Start of DATA TO PROCESS
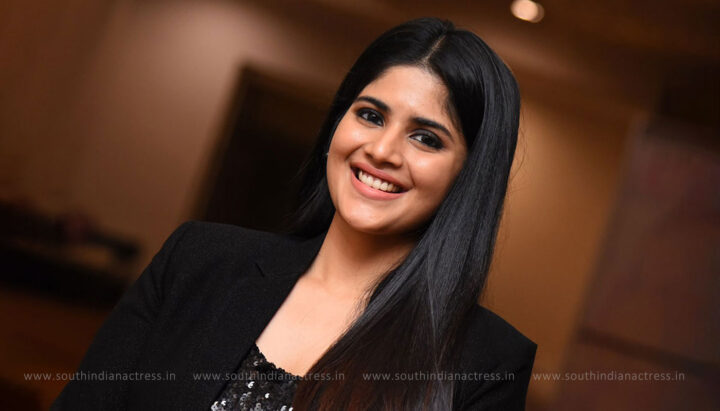 Megha Akash at Dear Megha Pre Release Event photos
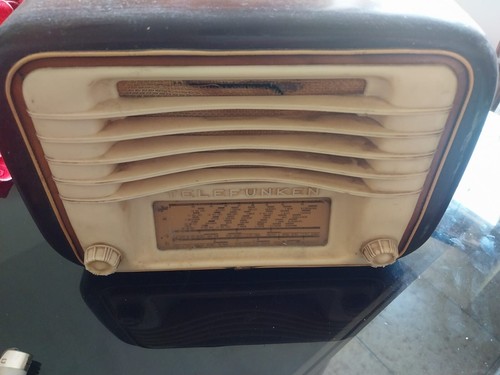 Radio epoca telefunken serie - d'epoca,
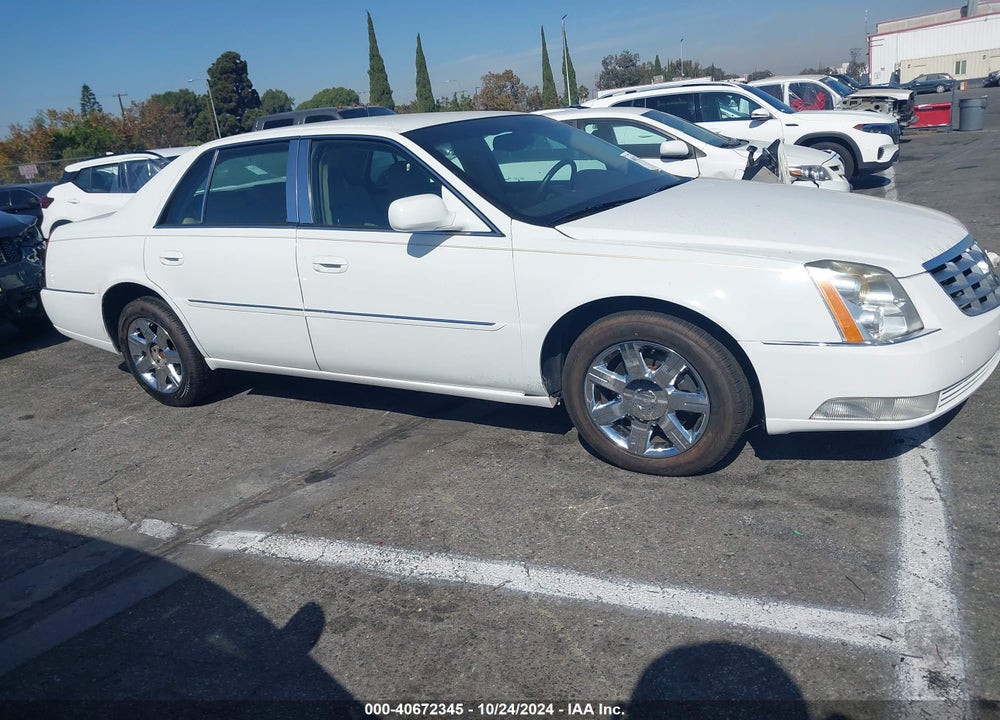 2007 CADILLAC DTS LUXURY I VIN: 1G6KD57Y67U115147
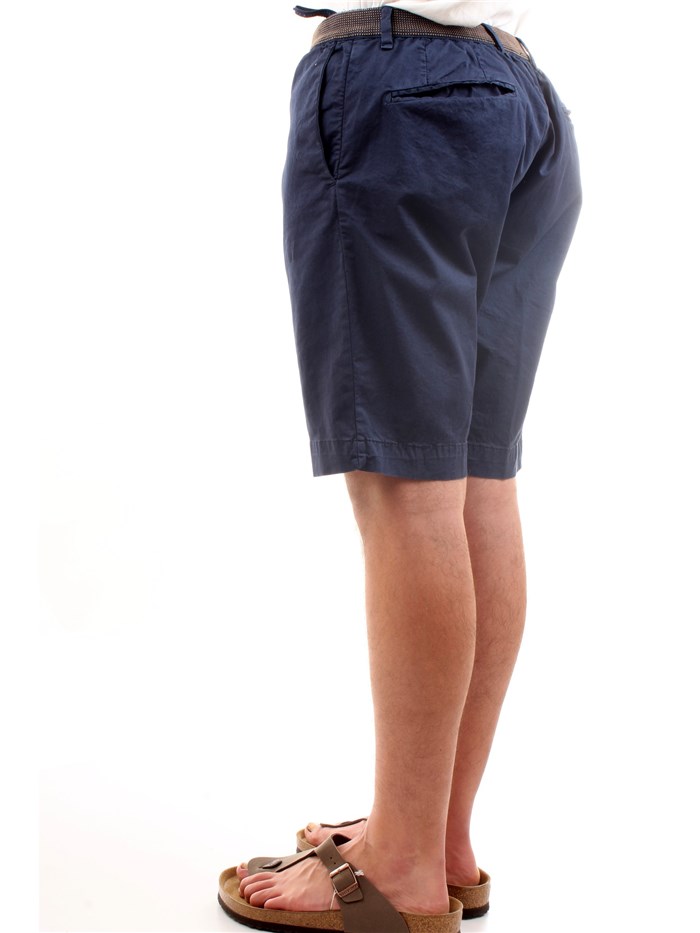 HISTORY LAB 22PL5183 Blue Clothing Man Shorts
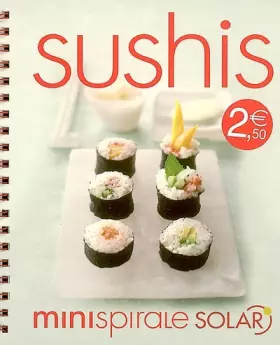 Couverture du produit · Sushis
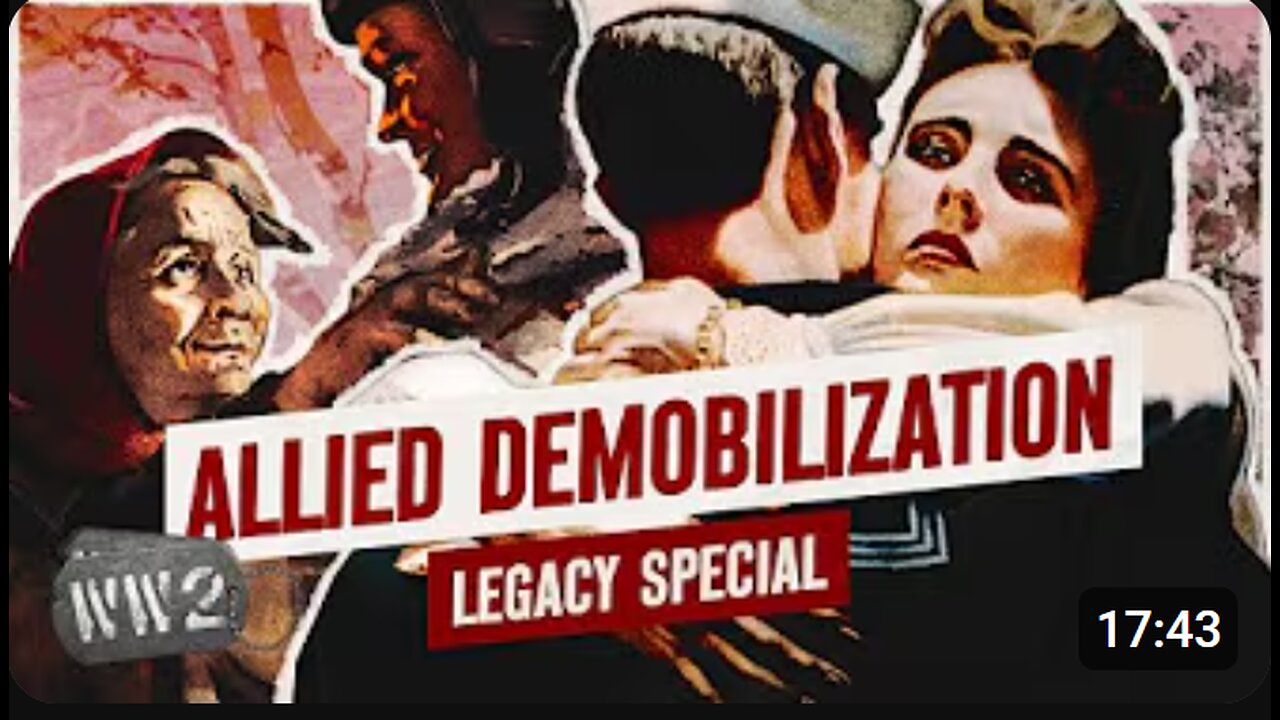 The Great Demobilization: How Allied Armies Returned Home After WWII 🌍✈️
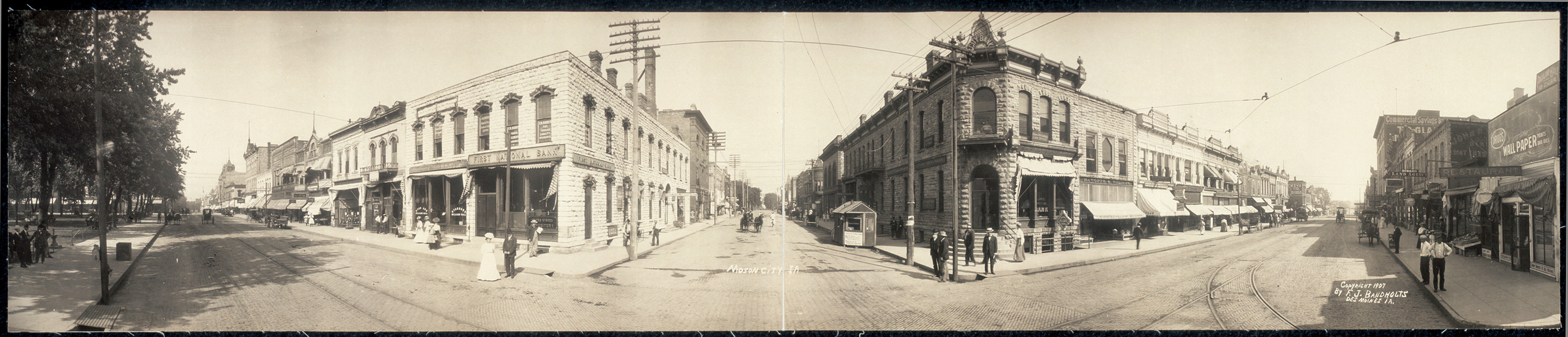 Mason City, Iowa, 1907, 1907 — historic image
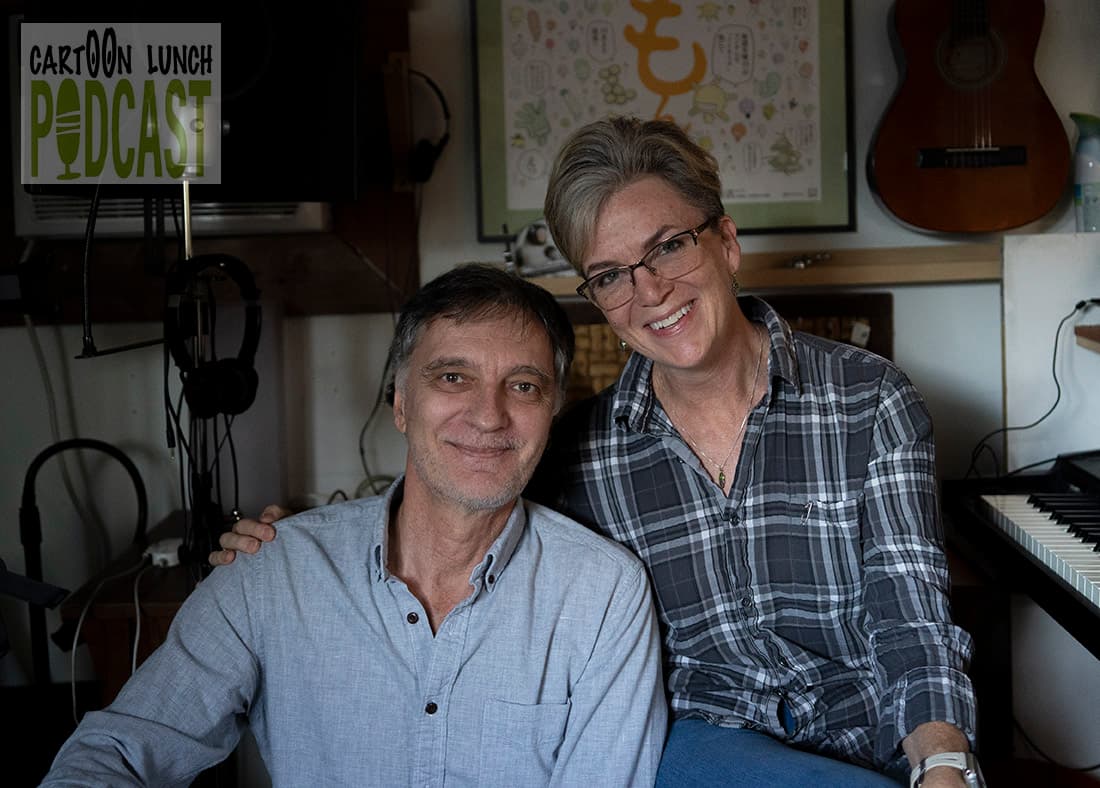 “DISNEY Feature Animation” Jennifer Hughes.                              The Podcast. Part 1 - Cartoon Lunch cover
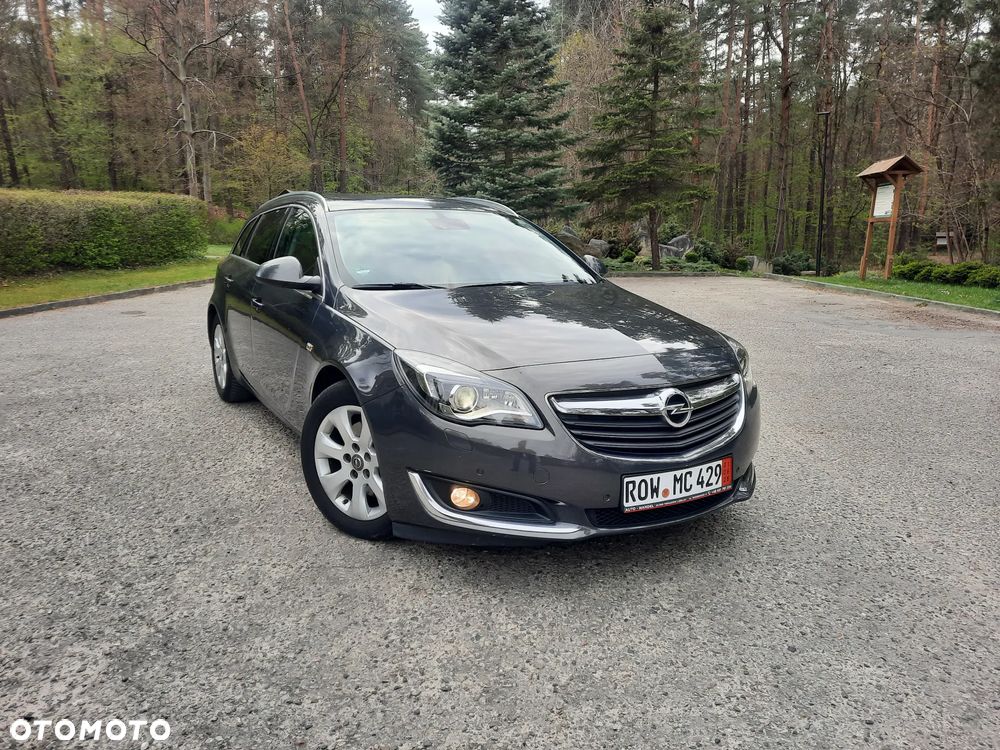 Opel Insignia 2.0 CDTI Executive S&S - 8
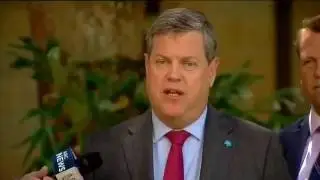 Tim Nicholls accuses Annastacia Palaszczuk of lying over land asset sale plan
End of DATA TO PROCESS
> WHAT THIS TASK INVOLVES:
Produce an exact copy of the lines from the line containing "Cartoon Lunch cover" through the last line of the records, with no pictures and no other text.

> EXERCISE OUTPUT:
 “DISNEY Feature Animation” Jennifer Hughes.                              The Podcast. Part 1 - Cartoon Lunch cover
 Opel Insignia 2.0 CDTI Executive S&S - 8
 Tim Nicholls accuses Annastacia Palaszczuk of lying over land asset sale plan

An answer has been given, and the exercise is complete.